Coal mining reflects the independent spirit of the region's people. Many southwestern Pennsylvania mines were small family run operations such as Seldom Seen Mine.
Chest Creek Mine 1, once known as Miller Run no.8, is now known as The Seldom Seen Mine. Fred Maurer of Patton opened Miller Run no. 8 in 1939. It was then sold to Andrew Radomsky in 1940. The mine was owned and operated by the Radomsky Family until 1963, when the mine operations were split between tourism and mining operations.

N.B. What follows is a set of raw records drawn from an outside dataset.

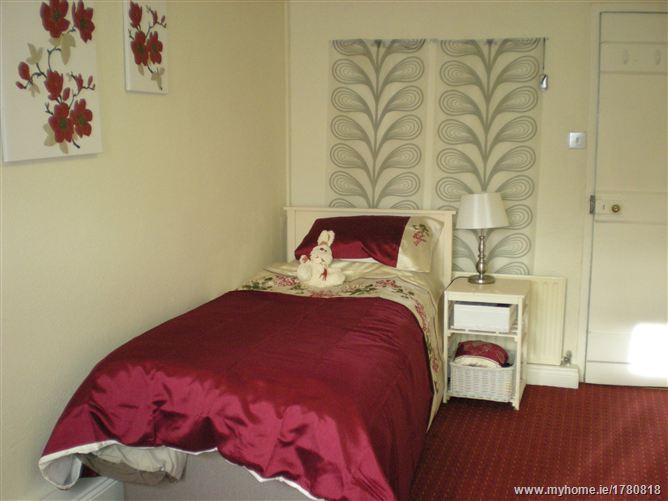 82 Kimmage Road West, Kimmage,  Dublin 6W
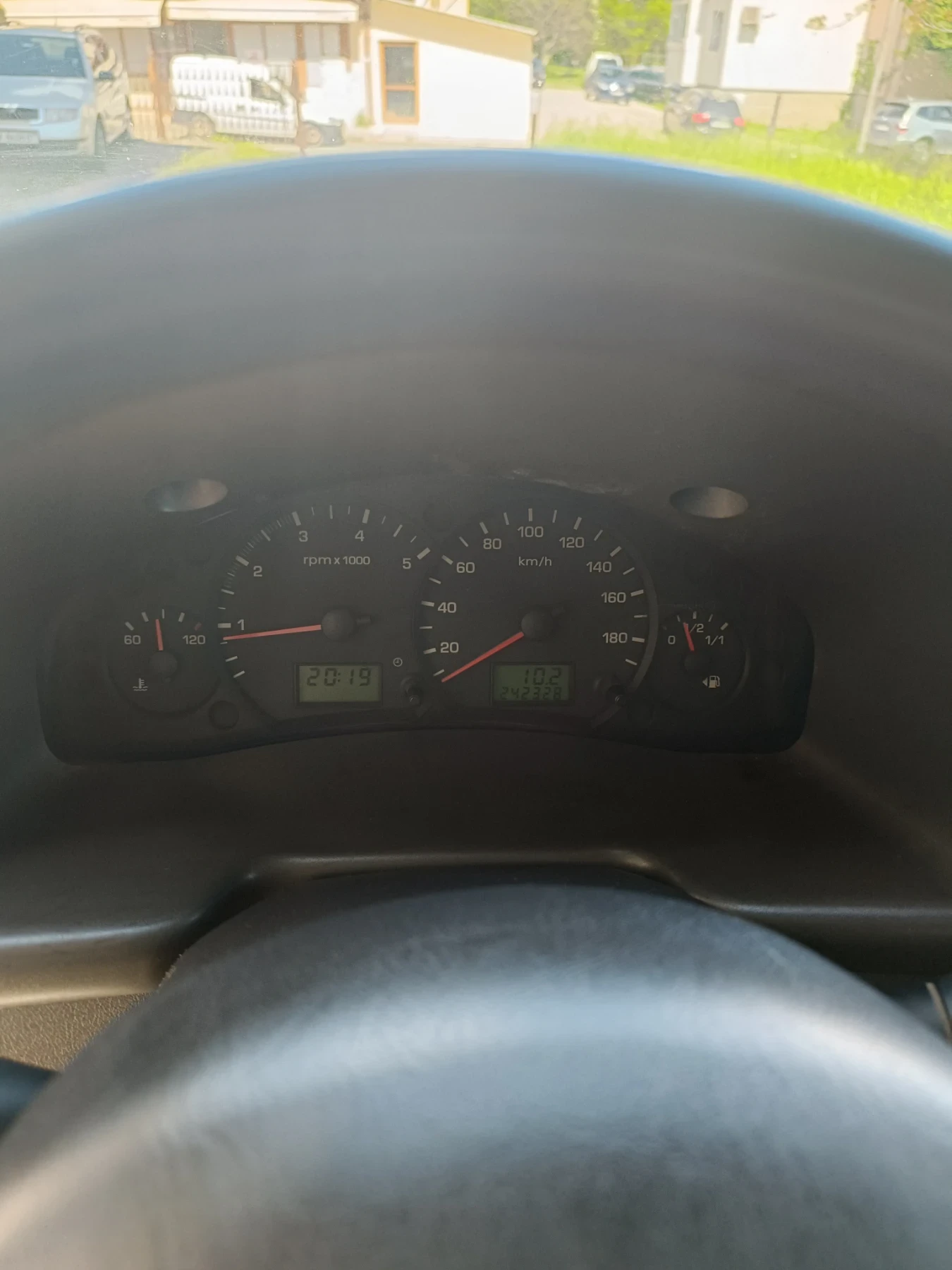 Ford Transit 2.4 - изображение 7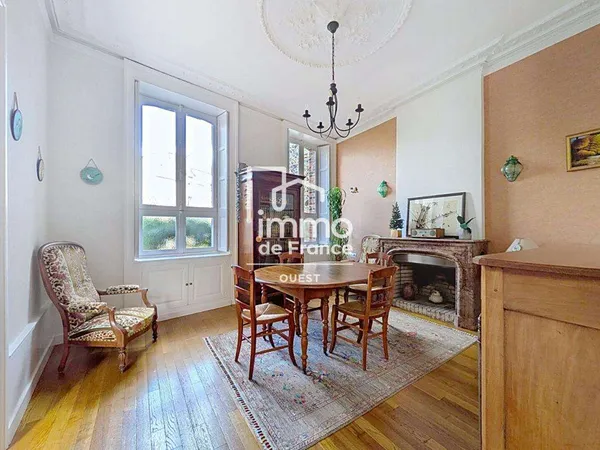 Maison 7 pièces 150 m²
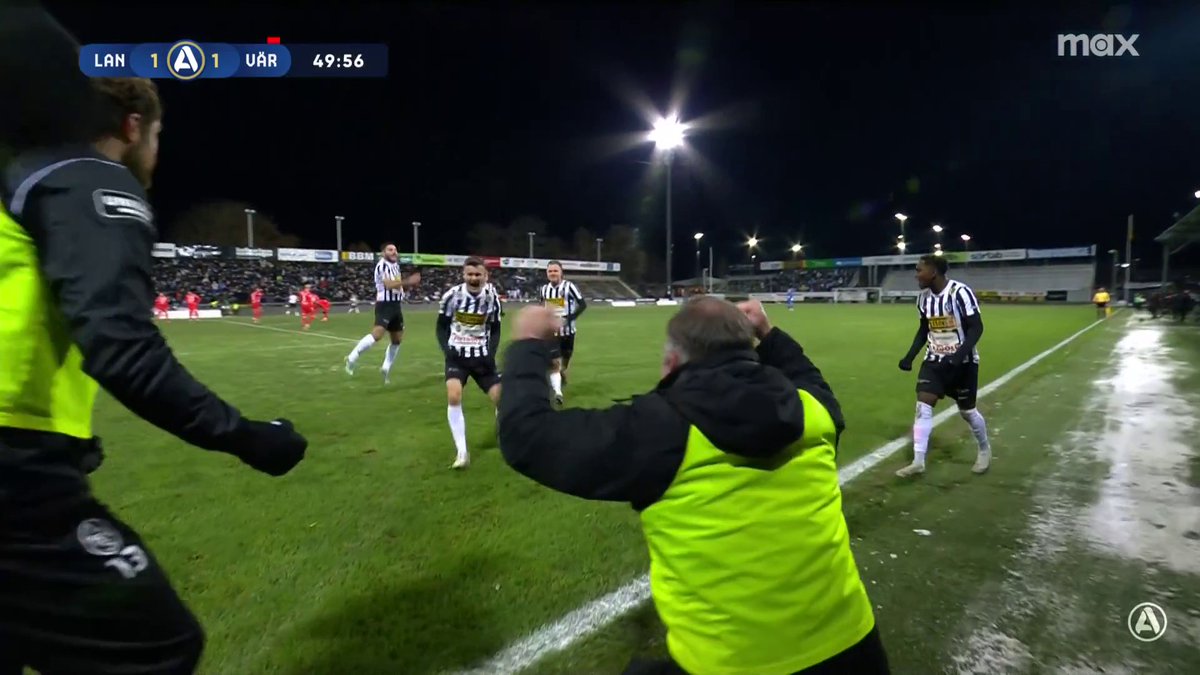 Kvitterat i kvalet! Tidigare Värnamo-spelaren Robin Dzabic sätter dit 1-1 för Landskrona BoIS ⚫️⚪️ 📲 Se matchen på Max och Kanal 9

Andrew Radomsky also purchased Miller Run no. 7 in 1940, in which he operated both Miller Run nos.7 and 8 from 1940-41. Miller Run no.8 is about ¼ mile southeast of Miller Run no. 7.
In 1942 Miller Run no.8's production began increasing rapidly and nearly doubled it production in the following year. Andrew Radomsky changed the name of the company from Andrew Radomsky to The Chest Creek Coal Company in 1942. Production remained in the 20,000-ton range throughout the 1940's. In 1951, production peaked when 33,538 tons were shipped by rail. Employee numbers peaked as well this same year, with a total of 37 employees. This was due to the increased demand for coal during the Korean War. Production then started to decline in 1952 with 19,687 tons. Less than 10,000 tons was the production rate over the next three years. Production ranged from 10,000 to 14,000 tons from 1956 till 1962. In 1963 the mine was split between production and tourist activities, this year saw only 775 tons produced and was the last year of production.
The mine was originally operated by mule haulage with the only electric piece of equipment being the pump. Around 1943 the first electric equipment, consisting of a locomotive w/storage battery, and a short wall cutter, was purchased and installed in the mine. The trolley system and conveyor system was installed in the late 1940's.
Since the closing of production in 1963, The Seldom Seen Mine has become a Tourist Mine and is now part of the Path of Progress.